» Raw data
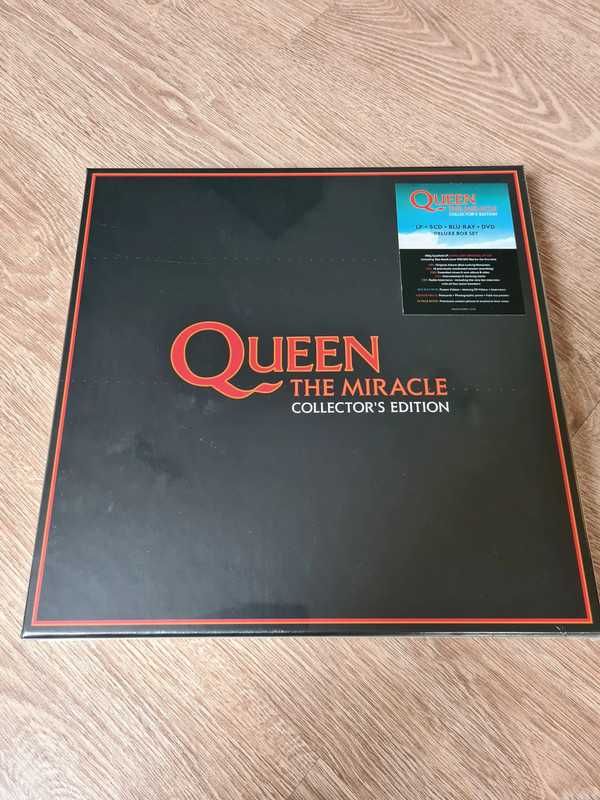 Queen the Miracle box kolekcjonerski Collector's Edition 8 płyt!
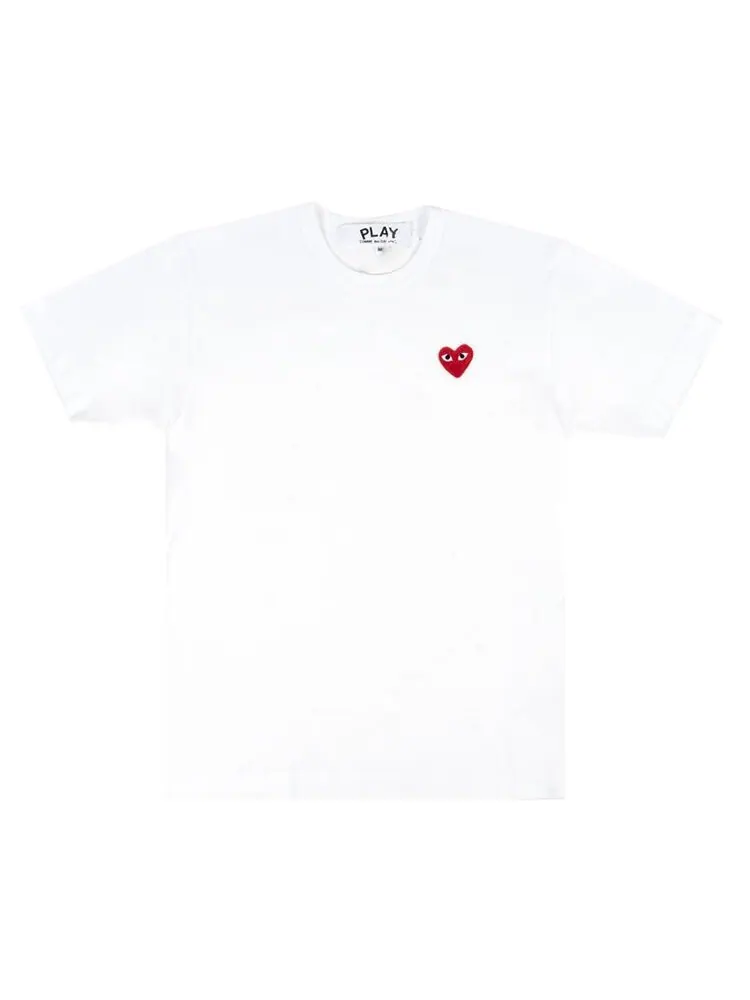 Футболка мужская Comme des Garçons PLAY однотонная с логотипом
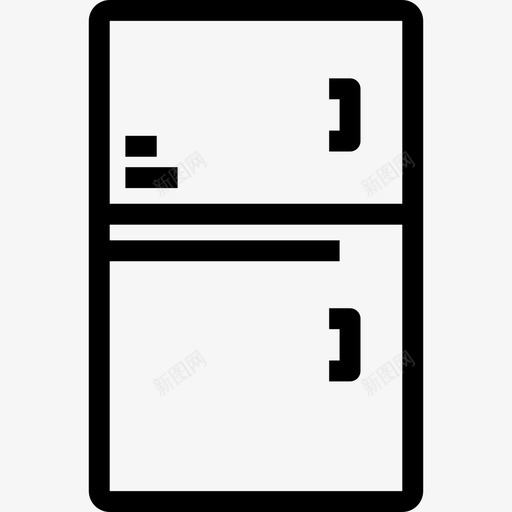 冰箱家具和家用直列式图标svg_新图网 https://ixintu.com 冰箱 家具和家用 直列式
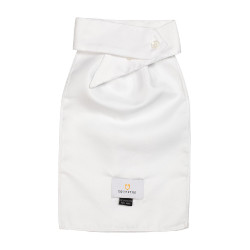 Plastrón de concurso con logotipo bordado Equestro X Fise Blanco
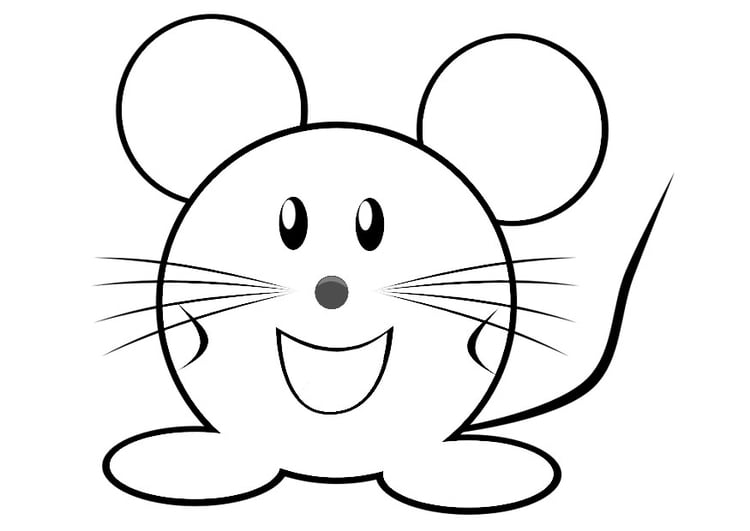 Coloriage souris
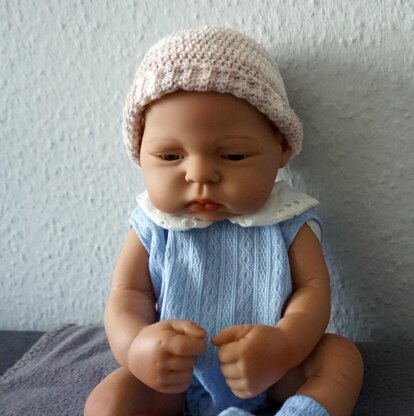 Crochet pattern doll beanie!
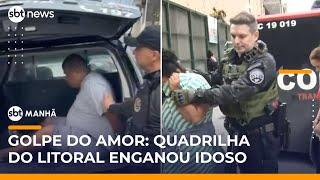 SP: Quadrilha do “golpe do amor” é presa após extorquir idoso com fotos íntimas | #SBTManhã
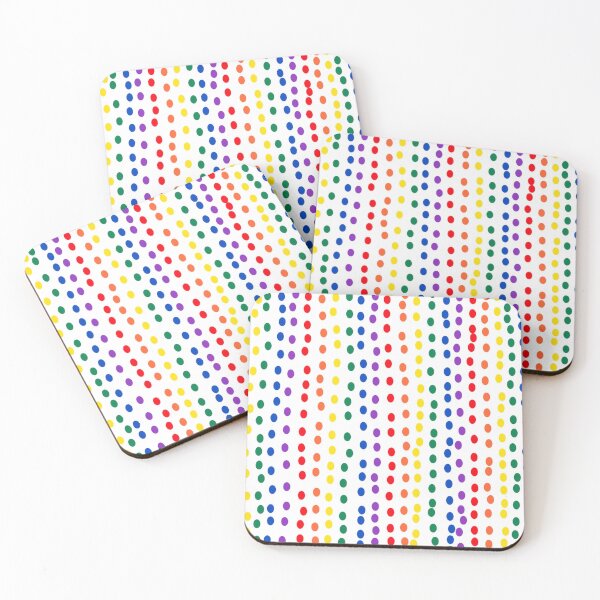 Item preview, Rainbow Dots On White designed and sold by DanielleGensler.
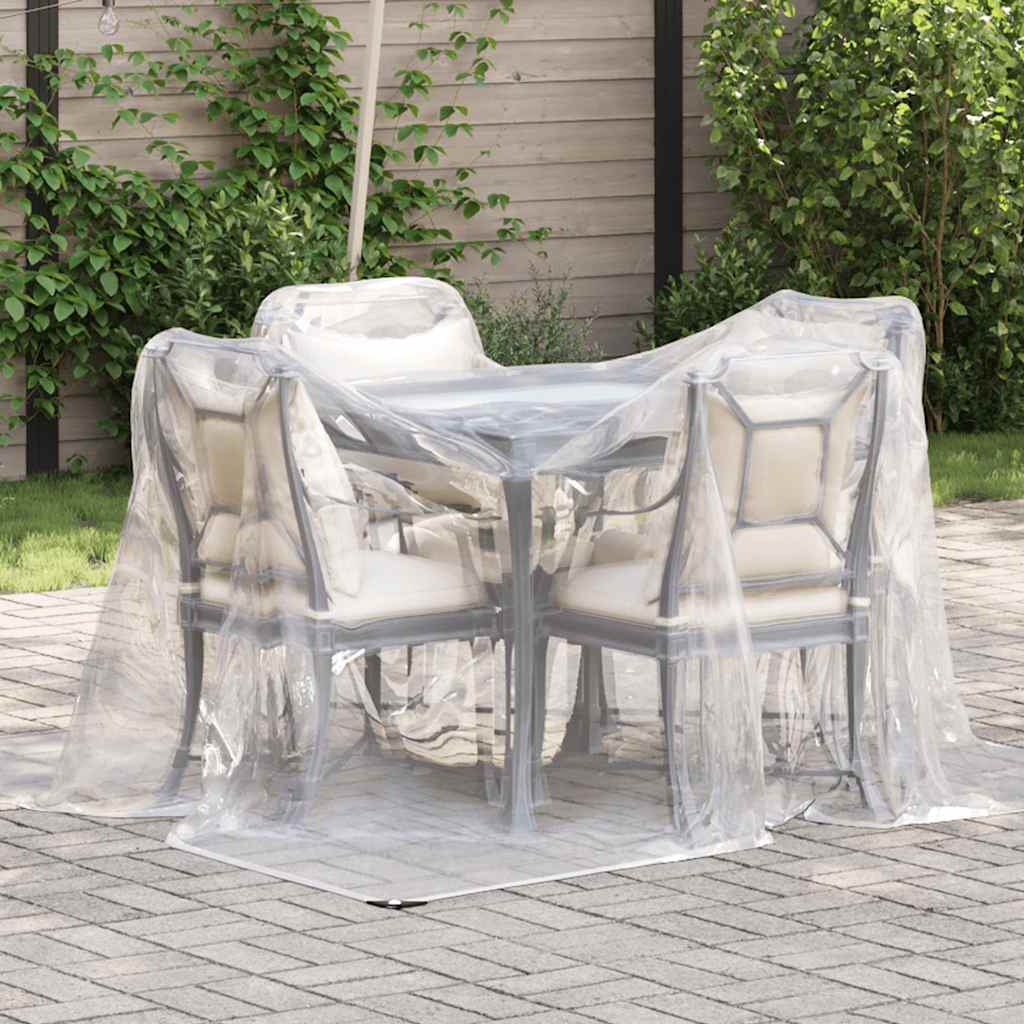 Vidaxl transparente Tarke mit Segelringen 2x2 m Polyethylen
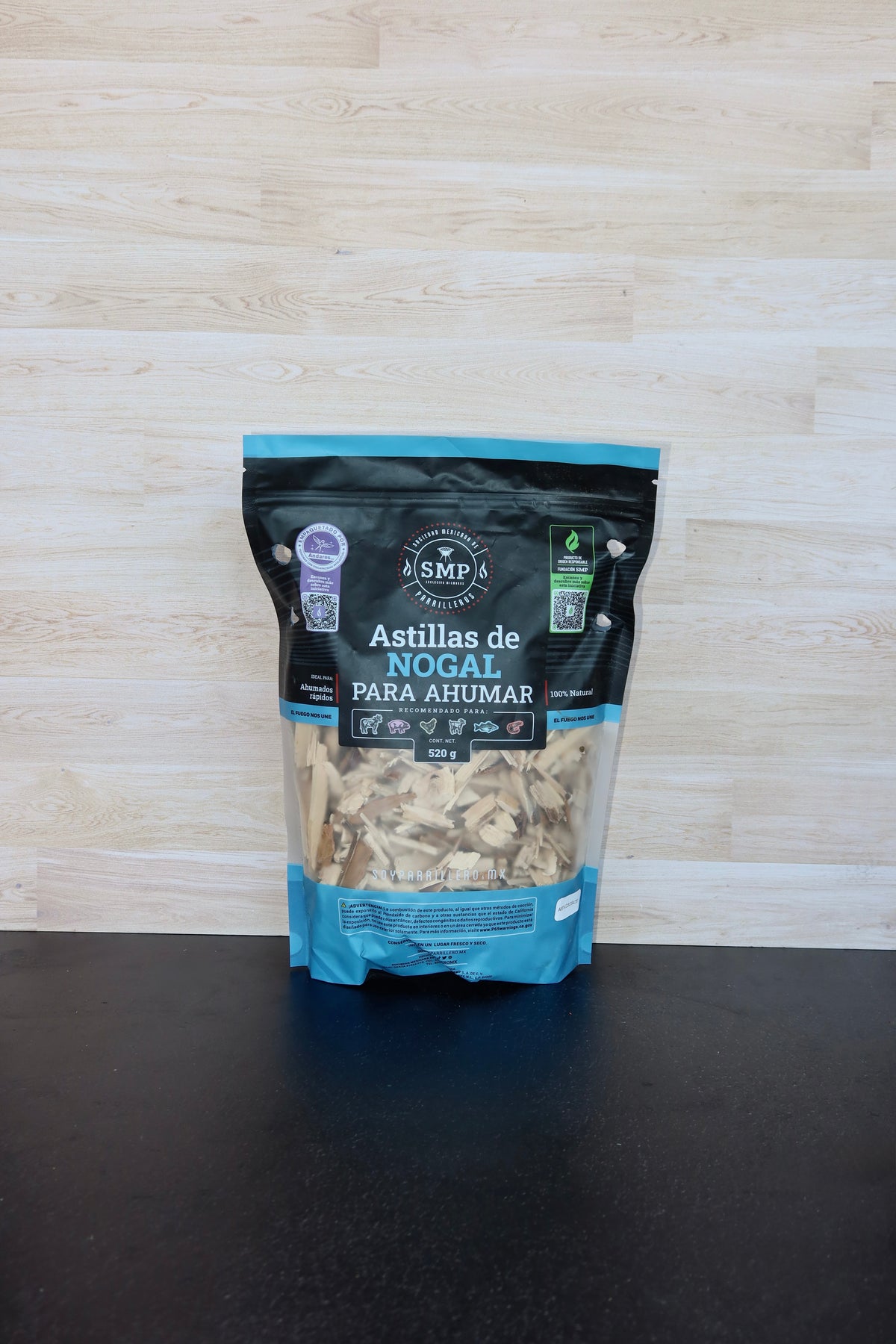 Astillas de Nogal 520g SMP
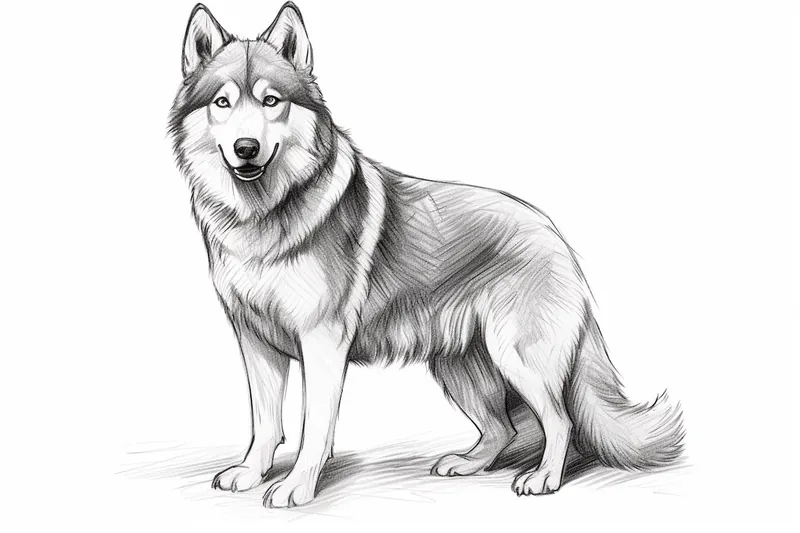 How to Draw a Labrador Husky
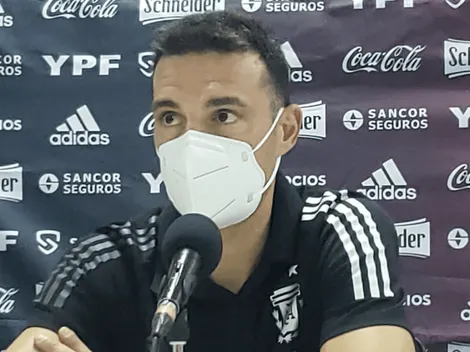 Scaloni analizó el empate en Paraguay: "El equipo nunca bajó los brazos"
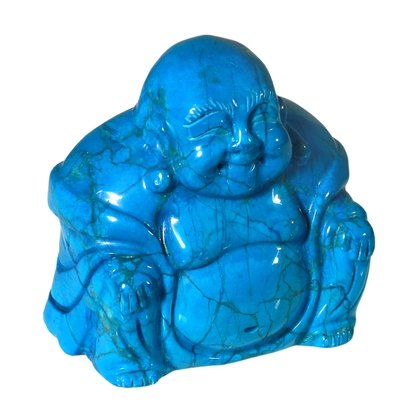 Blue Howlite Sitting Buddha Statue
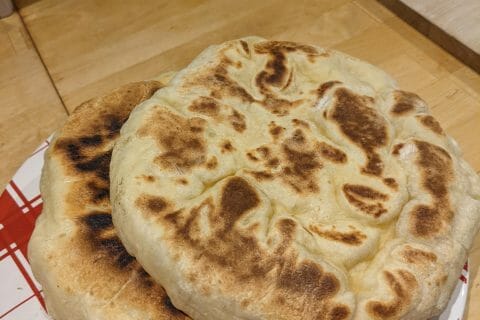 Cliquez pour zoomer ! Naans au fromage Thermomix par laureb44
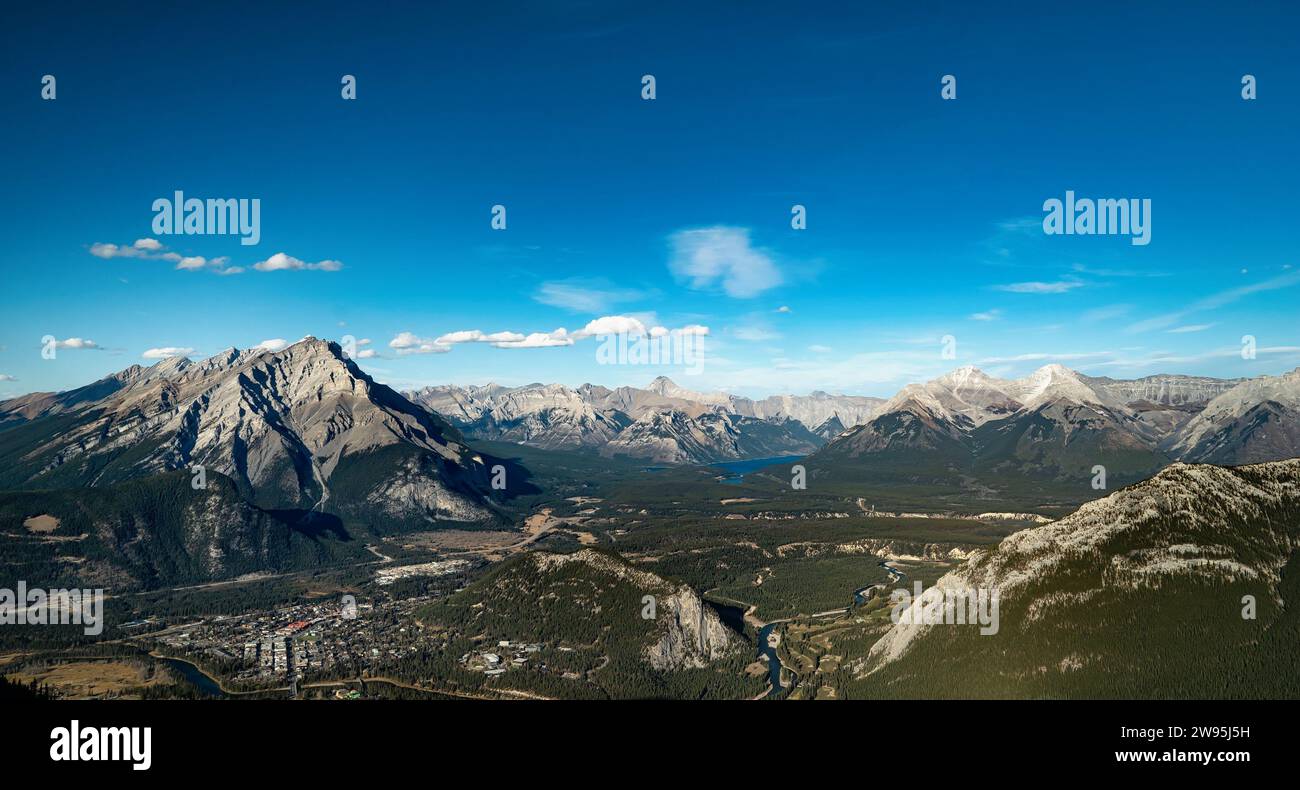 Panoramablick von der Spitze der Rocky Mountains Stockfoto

» Assignment
Copy all the records above exactly, but leave out the pictures.

» Exercise response
 Queen the Miracle box kolekcjonerski Collector's Edition 8 płyt!
 Футболка мужская Comme des Garçons PLAY однотонная с логотипом
 冰箱家具和家用直列式图标svg_新图网 https://ixintu.com 冰箱 家具和家用 直列式
 Plastrón de concurso con logotipo bordado Equestro X Fise Blanco
 Coloriage souris
 Crochet pattern doll beanie!
 SP: Quadrilha do “golpe do amor” é presa após extorquir idoso com fotos íntimas | #SBTManhã
 Item preview, Rainbow Dots On White designed and sold by DanielleGensler.
 Vidaxl transparente Tarke mit Segelringen 2x2 m Polyethylen
 Astillas de Nogal 520g SMP
 How to Draw a Labrador Husky
 Scaloni analizó el empate en Paraguay: "El equipo nunca bajó los brazos"
 Blue Howlite Sitting Buddha Statue
 Cliquez pour zoomer ! Naans au fromage Thermomix par laureb44
 Panoramablick von der Spitze der Rocky Mountains Stockfoto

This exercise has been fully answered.